Question

Best alignment software for mapping short DNA reads to transcriptome?

0

Entering edit mode

5.5 years ago

Joel Wallenius ▴ 220

Hello!

I googled but found only issues of RNA read quantification, which is fair enough but not the help I would like. I'm just curious what percentage of my DNA reads are within my organism's transcriptome.

I was going to do it with BWA but then I read that BWA is for short reads vs a large genome, and the transcriptome is obviously not as large as the corresponding genome...

Suggestions?

Big thanks in advance!

Joel

alignment Transcriptome DNA • 1.7k views

ADD COMMENT • link 5.5 years ago by Joel Wallenius ▴ 220

0

Entering edit mode

If you are aligning to transcriptome why not use salmon or kallisto instead?

That said, when possible you should always align to the genome and then account for reads falling in expressed part using a counting program like featureCounts.

ADD REPLY • link 5.5 years ago by GenoMax 152k

0

Entering edit mode

There is no reference genome I'm afraid... the dinoflagellate genome is enormous, I find only bits and pieces of it at NCBI. I have the transcriptome only

The transcriptome is CDS, sadly. I suppose this introduces a risk of false positives as the organism is a eukaryote, with exons all over the place. I don't need exact numbers though, so maybe that's fine. Regardless I don't see what options I have, really. There is no other reference... (I might be able to get my hands on the reads that built the transcriptome though).

ADD REPLY • link 5.5 years ago by Joel Wallenius ▴ 220

0

Entering edit mode

Have you looked to see if NCBI has any EST datasets you could potentially use as a stand in?

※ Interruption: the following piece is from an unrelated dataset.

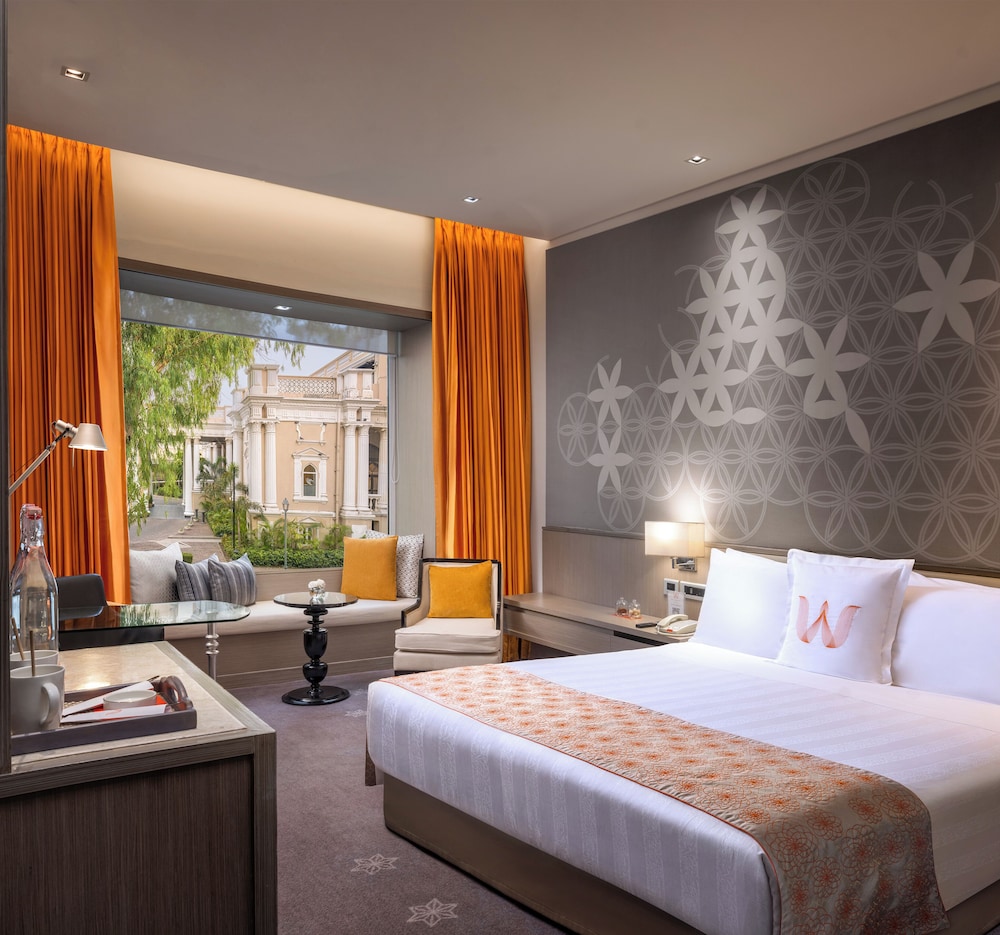 Deluxe, King Bed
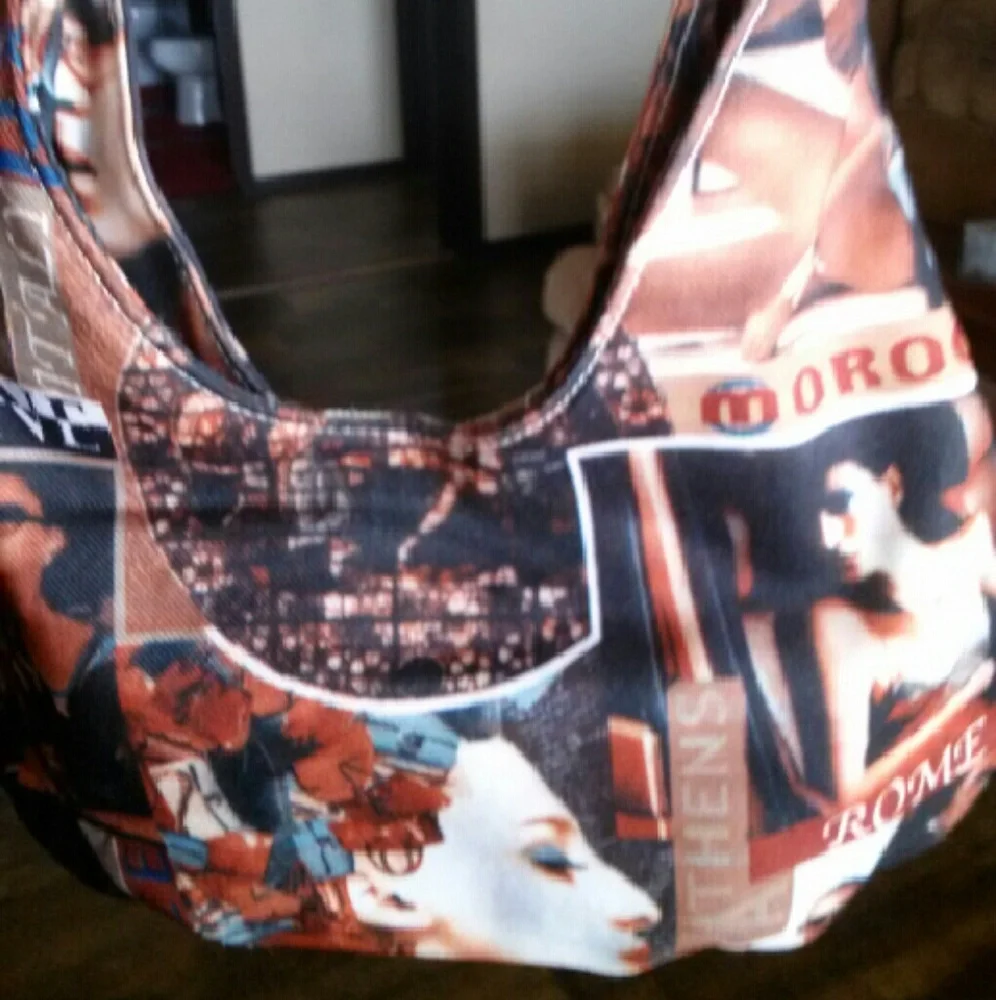 Contemporary Beautiful & Unique Hobo Multicolor Handbag !!!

ADD REPLY • link 5.5 years ago by GenoMax 152k

0

Entering edit mode

How would that help? I'm unfamiliar with ESTs but based on what Wikipedia says they're just fragments of cDNA, i.e. they map to transcripts, so they're having the same problem my cDNA sequences in my transcriptome do. :( Am I missing something?

ADD REPLY • link 5.5 years ago by Joel Wallenius ▴ 220

0

Entering edit mode

EST's would be better than using single exons/CDS's to count but that is about it. Ideally you should be do an RNAseq project of your own and then assembling your own transcriptome to get more definitive answers. I am curious as to why you just did DNA sequencing or is this actually an RNA sequencing project (RNA --> DNA --> sequenced).

ADD REPLY • link 5.5 years ago by GenoMax 152k

0

Entering edit mode

I joined this project late so I can't motivate the reasons why we have the data we have. We have RADseq DNA reads from all over the genome, and now we want to know approximately what percentage of those reads are within coding DNA. I can't think of a better analysis than mapping to CDS or ESTs, despite the flaws.

ADD REPLY • link 5.5 years ago by Joel Wallenius ▴ 220

0

Entering edit mode

That is a really unusual application of RADseq data. For a genome that has no genome/transcriptome available. Do the best you can is the only thing to say here.